Why is Mercurial matching a nonexistent local revision number?

Quick intro: In Mercurial there are two different ways to numerically refer to a changeset.

First, there's the node ID hash. It is global and functions like a git commit hash. It consists of 40 hexadecimal digits.

Second, there's the local revision number. It is a decimal number that starts at 0 and counts up. Unlike the node hash, this is local, meaning the same changeset can have different local revision numbers in two different repos. This depends on what other changesets are present in each repo and depends even on the order each repo received their changesets.

A revision can be specified numerically to Mercurial as a local revision number, a full 40-digit hash, or "a short-form identifier". The latter gives a unique prefix of a hash; that is, if only one full hash starts with the given string then the string matches that changeset.

I found that in certain cases, Mercurial commands (such as hg log with an -r switch), given plain decimal numbers, will match some revision even though there aren't enough local revisions for the given number to match as a local revision number.

Here's an example I constructed after coming across such a case by chance:

test$ hg --version
Mercurial Distributed SCM (version 6.1)
(see https://mercurial-scm.org for more information)

Copyright (C) 2005-2022 Olivia Mackall and others
This is free software; see the source for copying conditions. There is NO
warranty; not even for MERCHANTABILITY or FITNESS FOR A PARTICULAR PURPOSE.
test$ hg init
test$ touch a
test$ hg add a
test$ hg ci -d "1970-01-01 00:00:00 +0000" -u testuser -m a
test$ touch b
test$ hg add b
test$ hg ci -d "1970-01-01 00:00:00 +0000" -u testuser -m b
test$ hg log
changeset:   1:952880b76ae5
tag:         tip
user:        testuser
date:        Thu Jan 01 00:00:00 1970 +0000
summary:     b

changeset:   0:d61f66df66f9
user:        testuser
date:        Thu Jan 01 00:00:00 1970 +0000
summary:     a

test$ hg log -r 2
abort: unknown revision '2'
test$ hg log -r 9
changeset:   1:952880b76ae5
tag:         tip
user:        testuser
date:        Thu Jan 01 00:00:00 1970 +0000
summary:     b

test$

As is evident, hg log -r 9 matches a changeset even though there aren't that many changesets to match the 9 as a local revision number.

The question: Why is this? Additionally, how can we avoid matching a nonexistent local revision number?

Solution

This is due to how Mercurial parses revision specifiers. Here's how Olivia Mackall explains it in a mail from 2014:

Here is a hexadecimal identifier:

60912eb2667de45415eff601bfc045ae0fe8db42

See how it starts with 6? If you ask for revision 6, Mercurial will:

a) look for revision 6

b) if that fails, look for a hex identifier starting with "6"

c) if we find more than one match, complain

d) if we find no matches, complain

e) we found one match: success!

That is, if hg log -r 9 doesn't match any local revision number (because there are less than ten changesets in the repo), Mercurial next will match a node hash that happens to start with a 9.
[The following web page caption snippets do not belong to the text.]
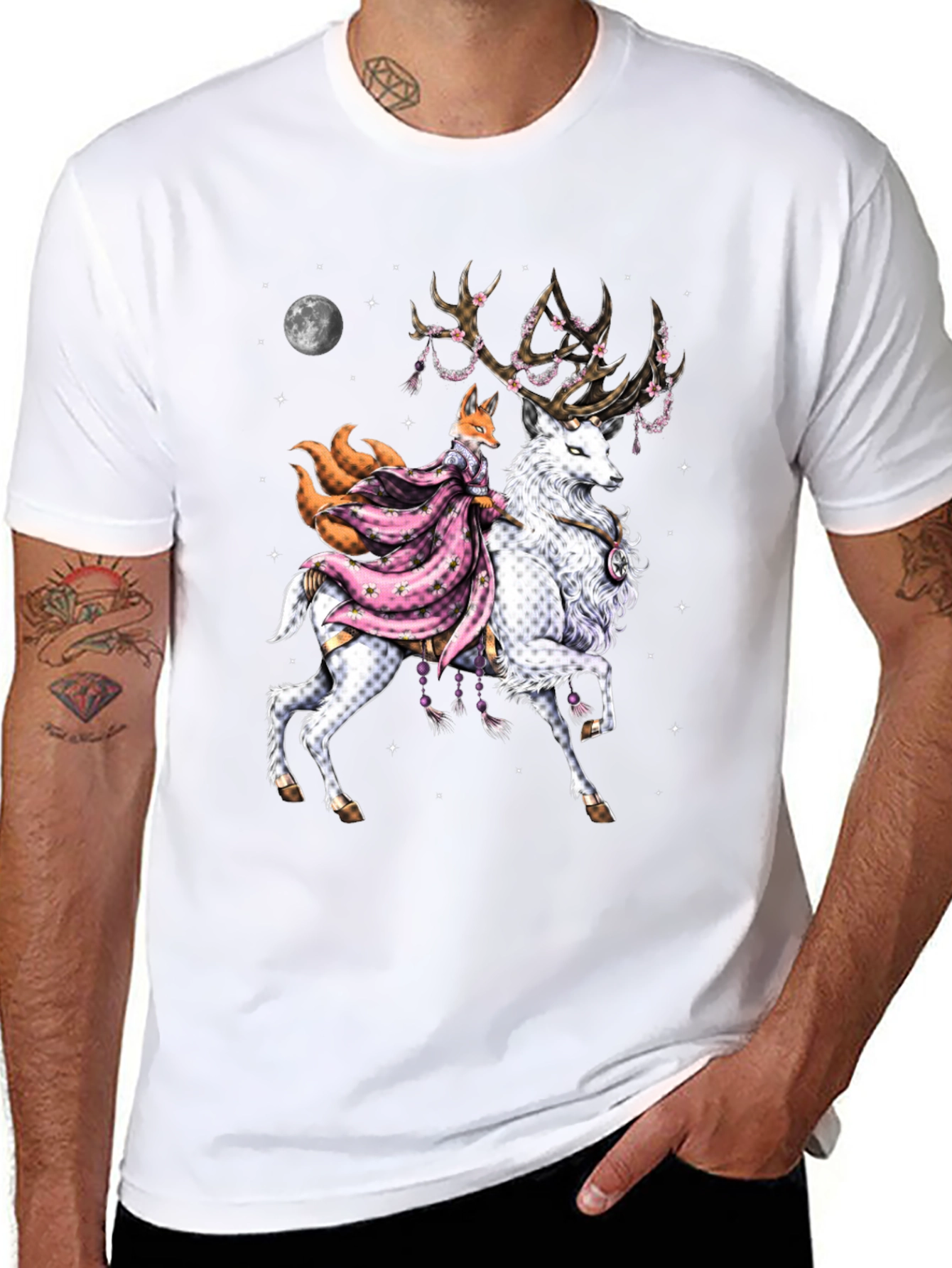 Black Fox & Deer Graphic Tee - Unique Design view 8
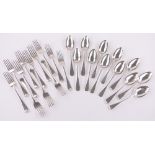 A matched set of 19th century silver Old English pattern dessert forks and spoons for 12 people,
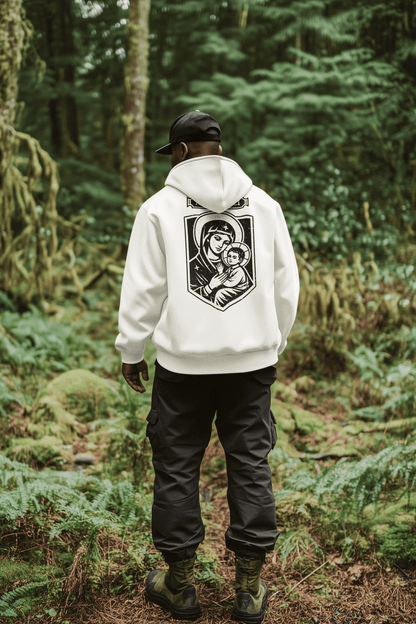 Mater Dei, Mother Mary and Baby Jesus Icon Graphic Hoodie - Inken Image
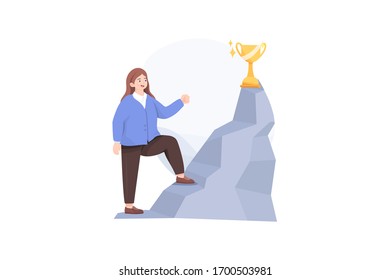 Businesswoman Climbed to Top of Mountain Enjoying Victory. 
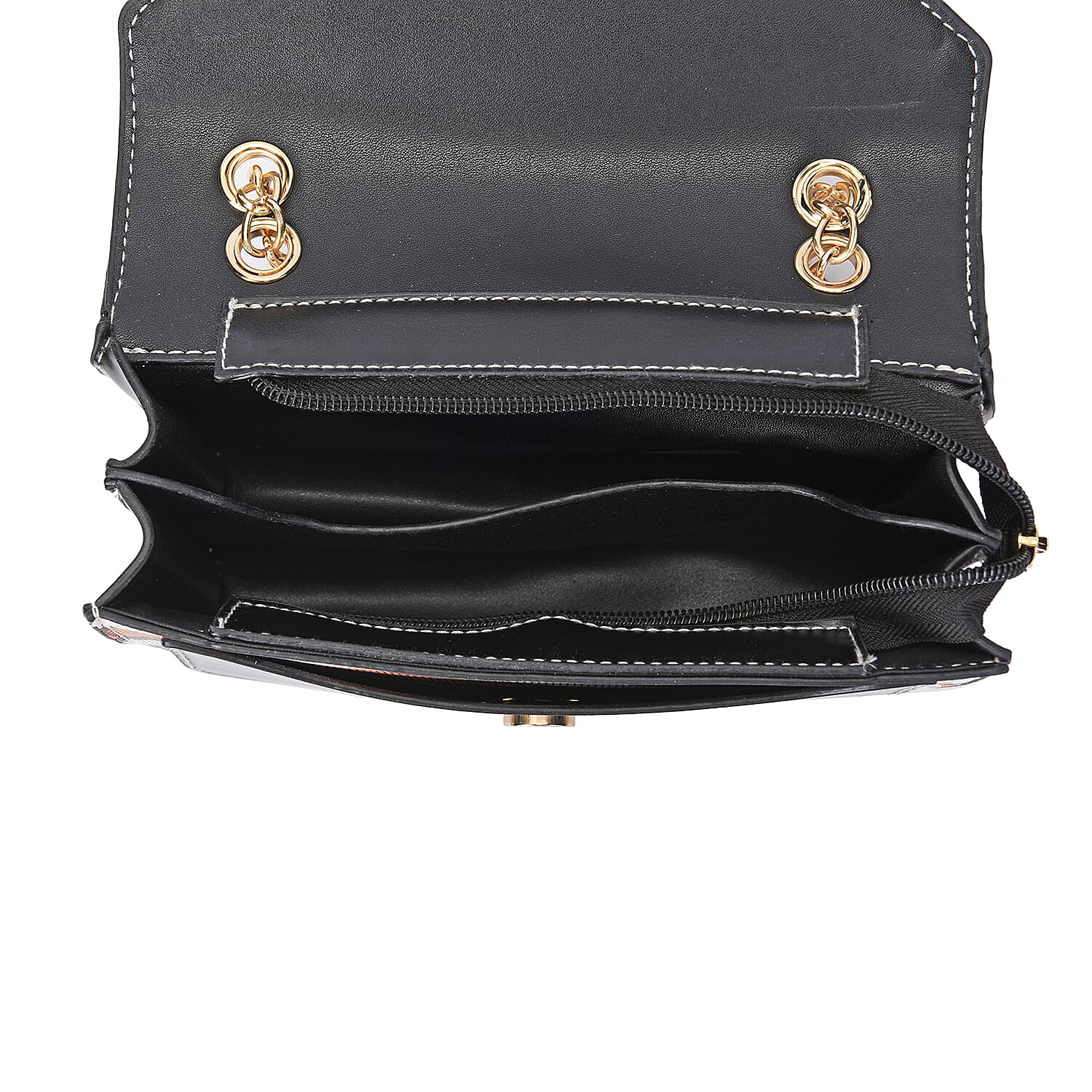 Checkerboard Pattern Crossbody Bag Adorned with Bee (Size 22x8x15cm) - Black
To avoid this ambiguity, she responded that one should use hg log -r 'rev(9)' to match only local revision numbers, and hg log -r 'id(9)' to match only prefixes or full hashes.

In the documentation on revsets, these predicates are listed as:

"id(string)"
Revision non-ambiguously specified by the given hex string prefix.

And:

"rev(number)"
Revision with the given numeric identifier.

Unfortunately, both this page and the help page on revisions do not (as of version 6.1) explicitly point out the ambiguity between numbers that can match either as local revision numbers or node hash prefixes. The 2014 mailing list thread I quoted does contain suggestions to clarify this but it appears nothing came off it.

Additionally, here is a changeset message in which I explained the entire affair and how it came to affect the operation of a script of mine:

fix to use 'rev(x)' instead of just x to refer to local rev number

The revsets syntax to unambiguously refer to a local revision number is to wrap the number in rev(). Without this, a number that doesn't exist (eg -r 2) may be misinterpreted to refer to a changeset that has a node hash starting with the requested number.

In our case this bug happened to act up after the revision on at 2022-04-02 16:10:42 2022 Z "changed encoding from cp850 to utf8" which the day after it was added was converted as the second (local revision number 1) changeset from the svn repo. The particular hg convert command was:

hg convert svn-mirror DEST \
--config hooks.pretxncommit.checkcommitmessage=true \
--config convert.svn.startrev=1152

This created a changeset known as 1:2ec9f101bc31 from that svn revision. Lacking a local revision number 2, the -r 2 picked up this changeset because its hash started with the digit "2". Tnus the NEWNODE variable received the changeset hash for this changeset. Because our hg rebase command is configured to keep empty changesets, the changeset got added atop its already existing copy in the destination repo.

Ever since the akt.sh script would pick up the wrong revision number from the destination repo and abort its run with the message indicating "Revisions differ!".